Please say it ain't so!

We cannot trade Odom for two stinking draft picks!

I'd offer Bynum, Mihm and our 26th for those two picks, but not Odom.


----------



## Bartholomew Hunt (Mar 4, 2003)

I'm not putting much stock into this. Any speculation regarding the draft is often wrong, due to the rampant "smokescreening".


----------



## thegza (Feb 18, 2003)

Bartholomew Hunt said:


> I'm not putting much stock into this. Any speculation regarding the draft is often wrong, due to the rampant "smokescreening".


Co-sign.


----------



## Silk D (Feb 6, 2006)

Bartholomew Hunt said:


> I'm not putting much stock into this. Any speculation regarding the draft is often wrong, due to the rampant "smokescreening".



yeah, I wouldn't doubt that the lakers are interested in Roy, but I doubt that they are THAT interested. 

remember Gerald Green last year?


----------



## DANNY (Aug 9, 2005)

Mitch doesn't have the balls to pull that off


----------



## West44 (Jun 29, 2005)

Silk D said:


> yeah, I wouldn't doubt that the lakers are interested in Roy, but I doubt that they are THAT interested.
> 
> remember Gerald Green last year?


Yeah I remember Gerald Green last yr - right out of high school, refused to work out for teams below a certain pick (like Tyrus Thomas), and rightfully dropped in the draft.

Does that have anything to do with a college all american who has proved himself during the season, in the ncaa tournament, in workouts against anyone, and is a model citizen to boot? I frankly can't see the comparison.


----------



## Silk D (Feb 6, 2006)

West44 said:


> Yeah I remember Gerald Green last yr - right out of high school, refused to work out for teams below a certain pick (like Tyrus Thomas), and rightfully dropped in the draft.
> 
> Does that have anything to do with a college all american who has proved himself during the season, in the ncaa tournament, in workouts against anyone, and is a model citizen to boot? I frankly can't see the comparison.


WTF??? :whoknows: 

Did you read the post that I quoted? I'm talking about the smokescreen sent out by most of the top ten teams of last year's draft, and most noteably, the lakers. if you were to ask draft "experts" a day before the draft; The lakers were infatuated with green, and there was no way he would fall past them at 10. turns out the lakers didn't want green, at least not that much, and were actually targeting Bynum. 

smokescreen, that's the camparison. calm down dude. :laugh:


----------



## West44 (Jun 29, 2005)

Silk D said:


> WTF??? :whoknows:
> 
> Did you read the post that I quoted?
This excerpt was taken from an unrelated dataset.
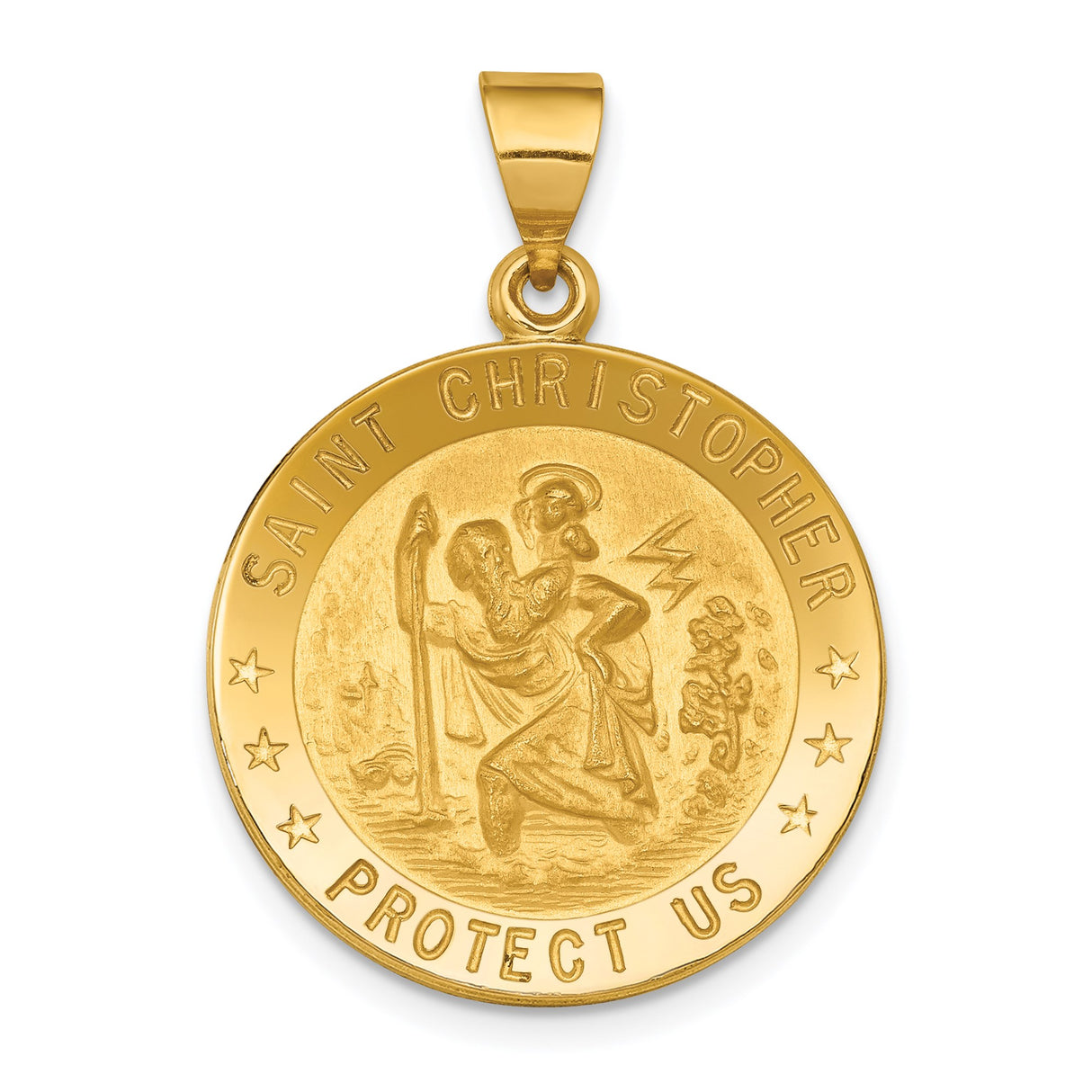 18k Yellow Gold Saint Christopher Medal Pendant, Travel Protection Religious Charm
I'm talking about the smokescreen sent out by most of the top ten teams of last year's draft, and most noteably, the lakers. if you were to ask draft "experts" a day before the draft; The lakers were infatuated with green, and there was no way he would fall past them at 10. turns out the lakers didn't want green, at least not that much, and were actually targeting Bynum.
> 
> smokescreen, that's the camparison. calm down dude. :laugh:


Sorry, didn't realize I sounded that excited - just wanted to understand your comments. How stupid of me, you're saying that the Lakers interest in Roy is just a bunch of bs just like their interest in Greeen was, right? How brilliant - no wonder I didn't get it.


----------



## Tyrellaphonte (Feb 21, 2004)

Bartholomew Hunt said:


> I will take the first trade. I'm not 100% against trading Odom, but I don't like the idea of having two young starters *completely new to the triangle.* We would be going through this past season all over again. Also, having Chandler and Kwame in the post makes me cringe for obvious reasons. It would welcome even more double teams towards not only Kobe, but Gordan as well. Add that to the fact that Luke has an unreliable jumpshot, and we would have a lot of trouble scoring consistently.
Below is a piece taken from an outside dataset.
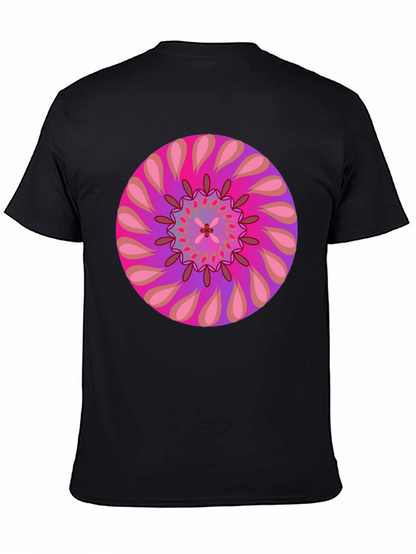Psychedelic Mandala Graphic Tee - Black Cotton T-Shirt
doesnt chicago run the triangle also? Or did that stop, because I remember Jay Williams played in the triangle and hated it which is why he doesnt want to play in L.A.


----------



## Tyrellaphonte (Feb 21, 2004)

Damian Necronamous said:


> Please say it ain't so!
> 
> We cannot trade Odom for two stinking draft picks!
> 
> I'd offer Bynum, Mihm and our 26th for those two picks, but not Odom.


is it really THAT bad? 

Think about it..... the Lakers trade Odom away, draft Roy and Redick or Carney or maybe a big with the 16th, then that means we get those two on a rookie contract. Odom has a huge contract, and with his out of the way and all of our other players basically coming off the books, we have a lot of money going into the '07 Free agent market which could be a very talented market. 2008 we have a base of Roy, Kobe, Carney, Kwame, Mihm and then theres potential free agents like Dirk, Desmond Mason, Antawn Jamison, Vince Carter, T.J. Ford, Andres Nocioni, Chauncey Billups, Rashard Lewis, Jerry Stackhouse, Jamaal Magloire. Any of those players would be nice to have on top of a solid base of players anyway.
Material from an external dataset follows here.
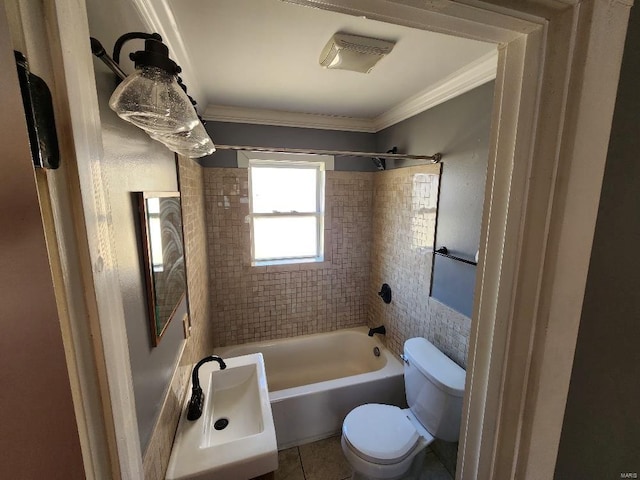 full bathroom with crown molding, toilet, visible vents, and  shower combination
now im not for trading away Odom by any means, but it really wouldn't be the end of the world if that was the trade


----------



## Shady* (Jul 3, 2005)

Teezy said:


> is it really THAT bad?
> 
> Think about it..... the Lakers trade Odom away, draft Roy and Redick or Carney or maybe a big with the 16th, then that means we get those two on a rookie contract. Odom has a huge contract, and with his out of the way and all of our other players basically coming off the books, we have a lot of money going into the '07 Free agent market which could be a very talented market. 2008 we have a base of Roy, Kobe, Carney, Kwame, Mihm and then theres potential free agents like Dirk, Desmond Mason, Antawn Jamison, Vince Carter, T.J. Ford, Andres Nocioni, Chauncey Billups, Rashard Lewis, Jerry Stackhouse, Jamaal Magloire. Any of those players would be nice to have on top of a solid base of players anyway.
> 
> now im not for trading away Odom by any means, but it really wouldn't be the end of the world if that was the trade


I agree.


----------



## Silk D (Feb 6, 2006)

Teezy said:


> is it really THAT bad?
> 
> Think about it..... the Lakers trade Odom away, draft Roy and Redick or Carney or maybe a big with the 16th, then that means we get those two on a rookie contract. Odom has a huge contract, and with his out of the way and all of our other players basically coming off the books, we have a lot of money going into the '07 Free agent market which could be a very talented market. 2008 we have a base of Roy, Kobe, Carney, Kwame, Mihm and then theres potential free agents like Dirk, Desmond Mason, Antawn Jamison, Vince Carter, T.J. Ford, Andres Nocioni, Chauncey Billups, Rashard Lewis, Jerry Stackhouse, Jamaal Magloire. Any of those players would be nice to have on top of a solid base of players anyway.
> 
> now im not for trading away Odom by any means, but it really wouldn't be the end of the world if that was the trade



sounds great on paper, but a team has to jell together, especially in this offense. we cannot keep revising the roster every year, kobe's best years are too precious. and most importantly, these are ROOKIES we are talking about. as "nba ready" as they are, they are still unproven.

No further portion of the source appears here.